Long-Term Metabolic Adaptation and Weight Maintenance
Follow-up studies indicate that subjects maintained over 80% of their weight loss after extended observation periods, even after discontinuation. This sustained adaptation reflects durable improvements in metabolic set-point, appetite control, and mitochondrial efficiency, marking Retatrutide as a highly promising agent for advanced metabolic research.
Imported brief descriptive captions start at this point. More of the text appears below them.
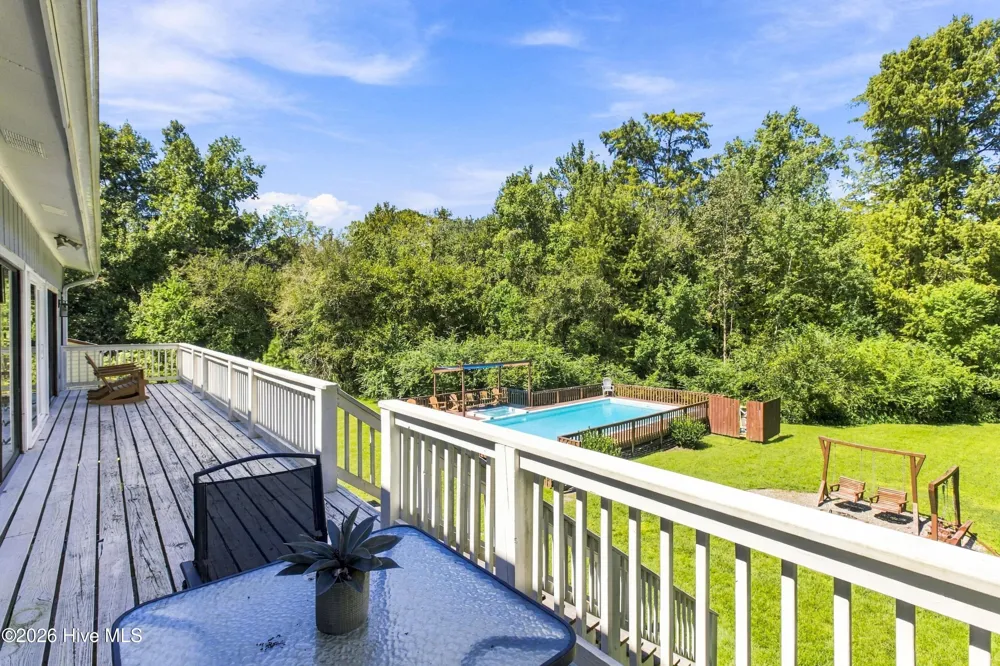 107 Tom Avenue Castle Hayne, NC 28429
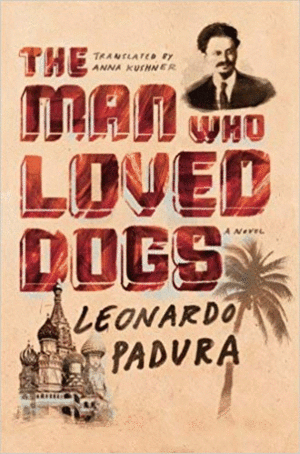 Man who loved dogs, The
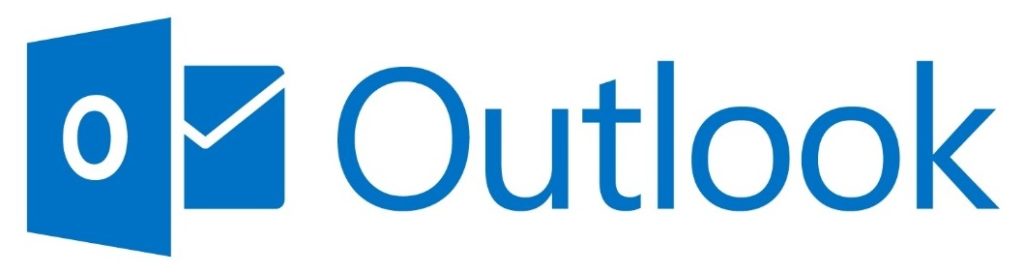 logo de outlook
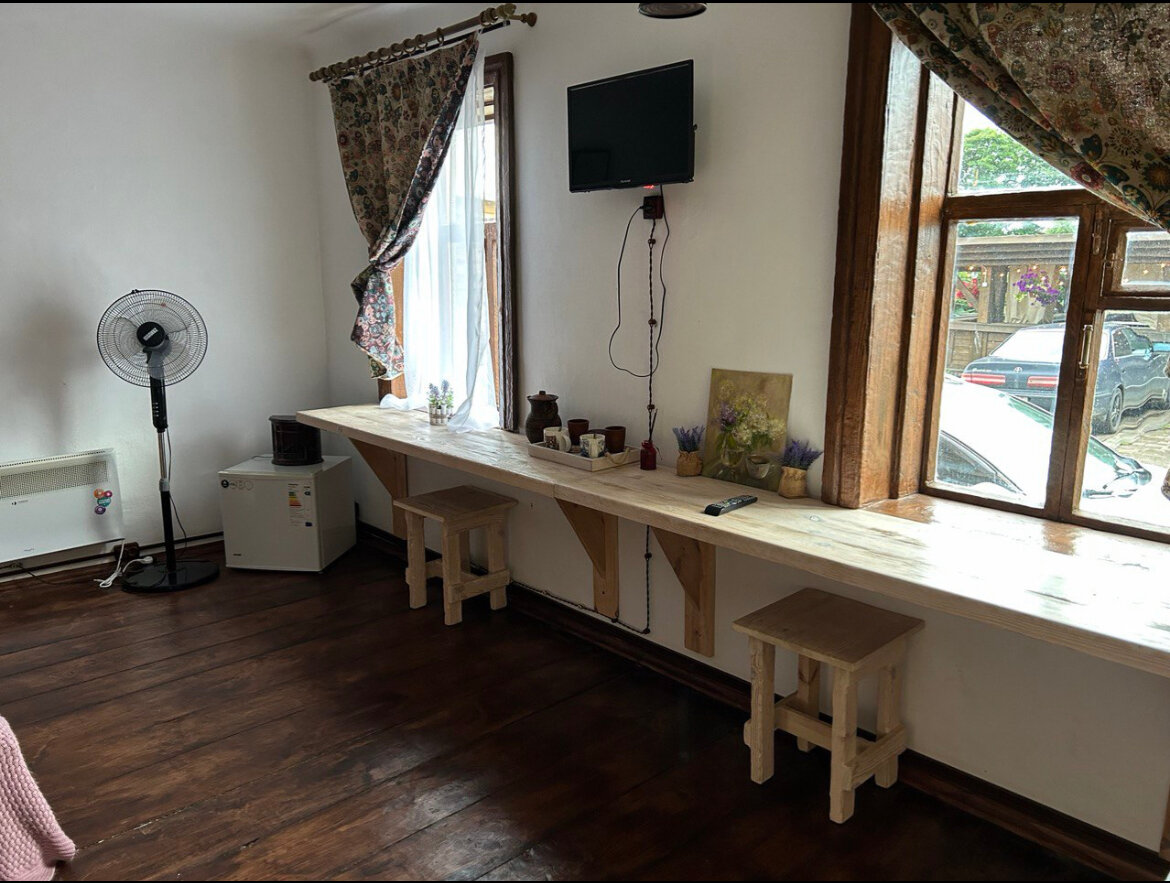 Фото Спасская горка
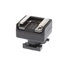 Kép 1/4 - Caruba vakupapucs Adapter   Canon Mini Advanced Shoe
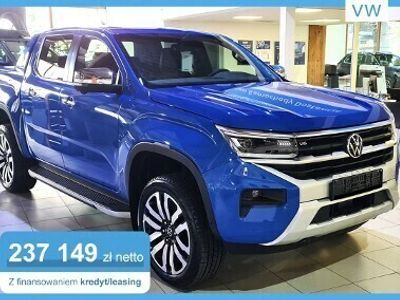 VW Amarok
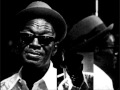 Capture de la vidéo Lightnin Hopkins ~ Trouble In Mind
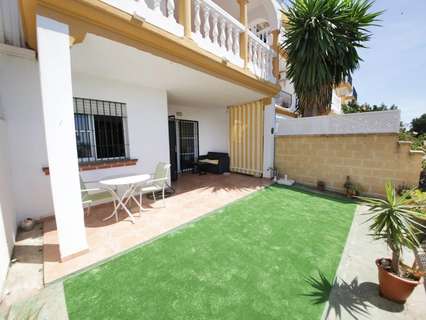 Planta baja en venta en Mijas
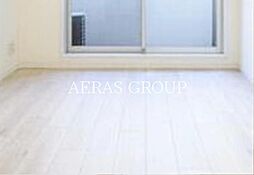 アクサスジーベック秋葉原 4階1Kのリビング/ダイニング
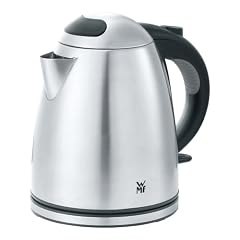 WMF 04 1301 0011 Genio Wasserkocher 1.2 L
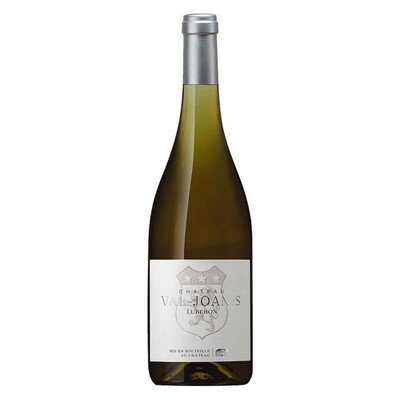 Château Val Joanis Blanc Tradition 2019 Château Val Joanis Blanc Tradition 2019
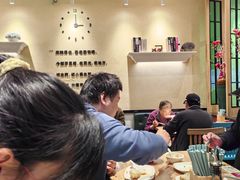 -小杨生煎(南汇欧尚店)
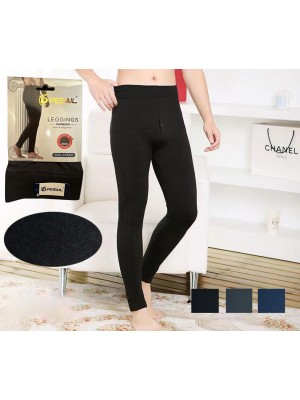 [23008] Leggings thermique pour homme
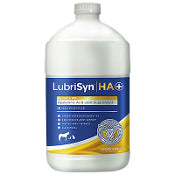 LubriSyn HA Plus MSM Horse & Pet Gallon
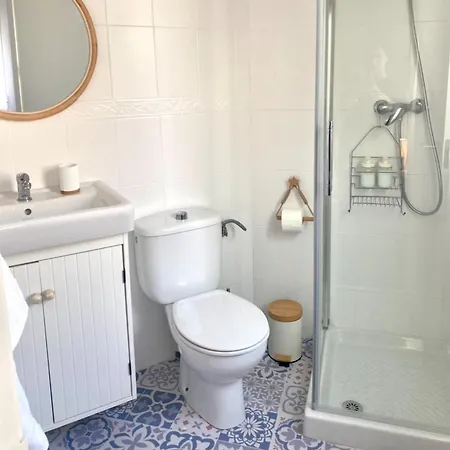 La Casa Azul * Jerez de la Frontera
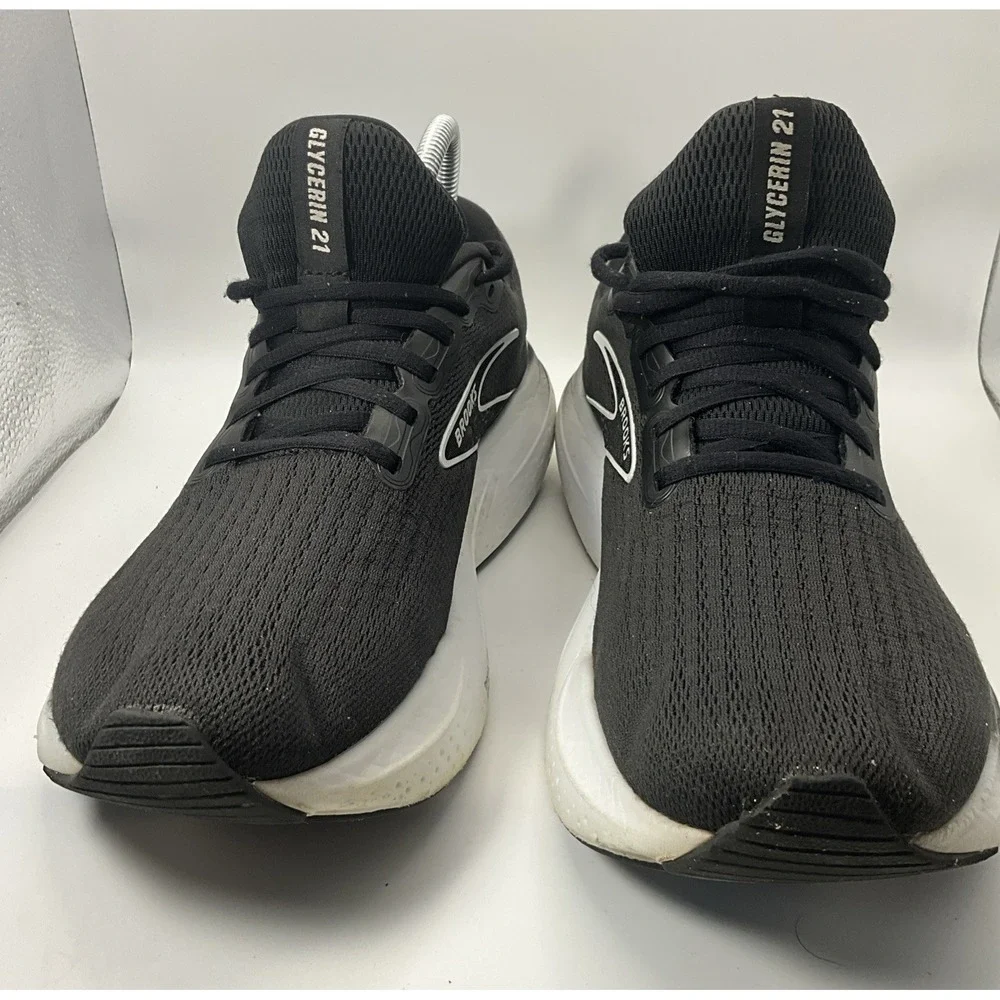 Brooks glycerin 21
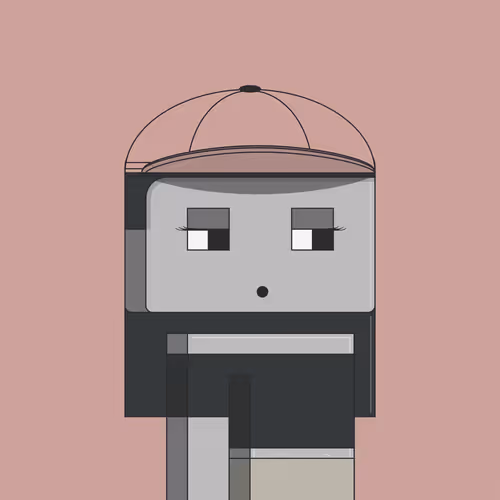 DANKBOTS #925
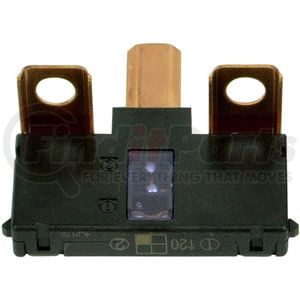 MUSB-A1 by BUSSMANN FUSES - Fuse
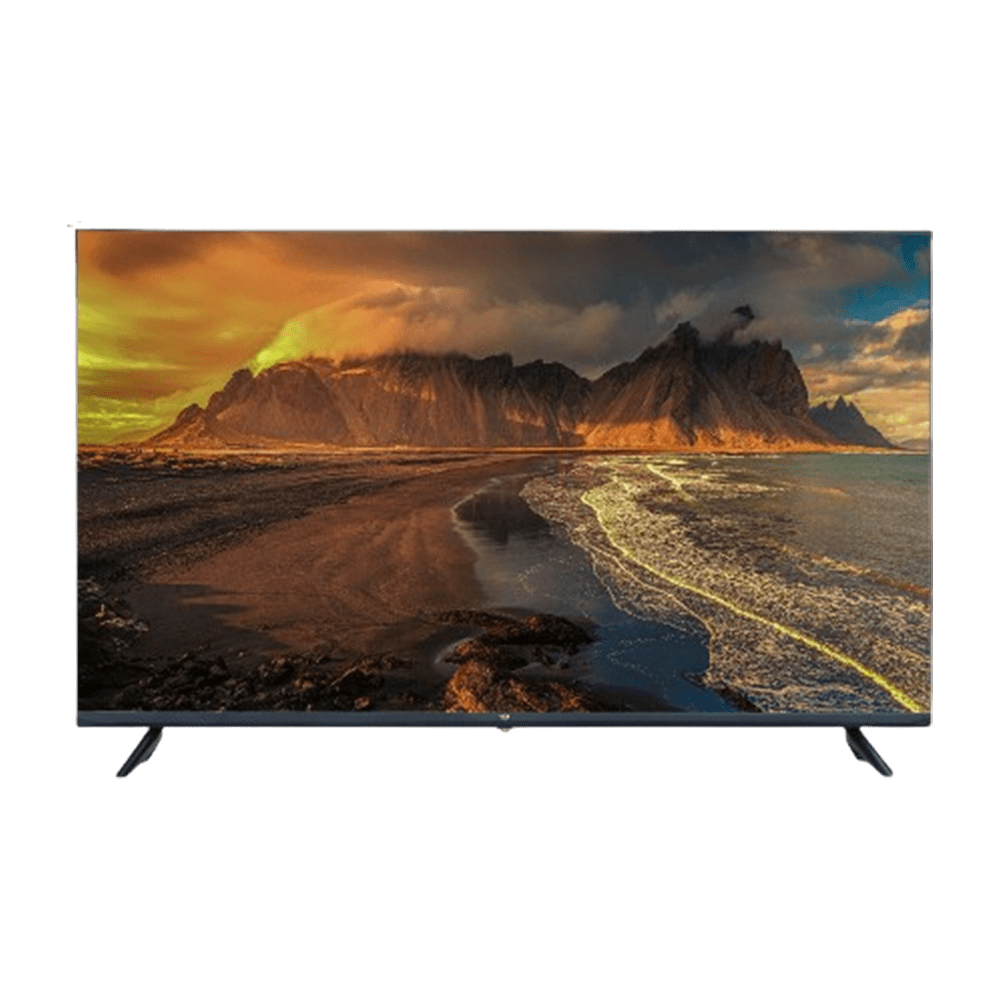 Vise 108cm (43) Full HD Smart LED Google TV VS43FGA4A Image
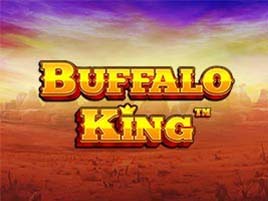 Buffalo King - Pragmatic Play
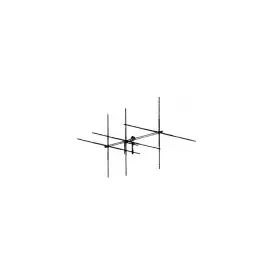 Maco M103-hv M103c-hv Beam 3 Element Dual Maxi Beams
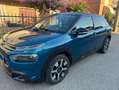 Citroen C4 Cactus BlueHDi 100 S&S Shine Vert - thumbnail 2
Peptide Interactions (Stack Suggestions)
| Peptide / Compound | Interaction | Description |
|---|---|---|
| Cagrilintide | Synergistic | Appetite control plus energy-expenditure focus for body-weight endpoints. Rationale: Amylin-analog synergy on satiety with triple-agonist metabolic activation. |
| 5-Amino-1MQ | Synergistic | Lipid-flux modulation with NNMT inhibition alongside incretin-glucagon signaling. Rationale: Encourages fat-use preference while reducing lipogenesis signals. |
| NAD+ | Synergistic | Cellular-energy and mitochondrial-support cofactor during rapid metabolic shifts. Rationale: Supports redox balance in intensive weight-loss paradigms. |
| BPC-157 / TB-500 | Compatible | Used in recovery contexts for tissue comfort and adherence during lifestyle interventions. Rationale: Soft-tissue support may reduce musculoskeletal barriers to activity. |
Dosing & Reconstitution Guide
| Parameter | Details (Retatrutide 20mg) |
|---|---|
| Volume | Add 2.0 mL bacteriostatic water |
| Concentration | 10.0 mg/mL |
| Dose | 2.0 – 4.0 mg once weekly |
| Cycle Length | 20 – 48 weeks |
Dosage & Protocols Variations
Standard Protocol
Dose: 2 – 4 mg weekly, titrate to 12 mg
Duration: 20 – 48 weeks
Frequency: 1× weekly
Cycle Interval: 20 – 48 weeks on, 4 – 8 weeks off, then reassess
Goal / Description: Gradual weight reduction, improved glycemic markers
Therapeutic Protocol
Dose: 4 mg weekly, up to 12 mg
Duration: 16 – 52 weeks
Frequency: 1× weekly
Cycle Interval: 12 – 16 weeks on, 6 weeks off
Goal / Description: Larger weight-loss magnitude, liver-fat decline
Biohacker Protocol
Dose: 1 mg, escalate by 1 – 2 mg/week
Duration: 10 – 14 weeks
Frequency: 1× weekly
Cycle Interval: 10 – 14 weeks on, 4 – 6 weeks off
Goal / Description: Personalized balance of effect vs GI side effects
Glucose-Focus Protocol
Dose: 0.25 – 1.0 mg weekly
Duration: 8 – 10 weeks
Frequency: 1× weekly
Cycle Interval: 8 – 10 weeks on, 4 weeks off
Goal / Description: Improved fasting/postprandial control
Storage Instructions
Proper storage preserves peptide quality and stability.
- Lyophilized: Store at −20 °C in dry, dark conditions; minimize moisture exposure.
- Reconstituted: Refrigerate at 2–8 °C; use within 4–6 weeks; avoid freeze–thaw.
- Allow vials to reach room temperature before opening to reduce condensation uptake.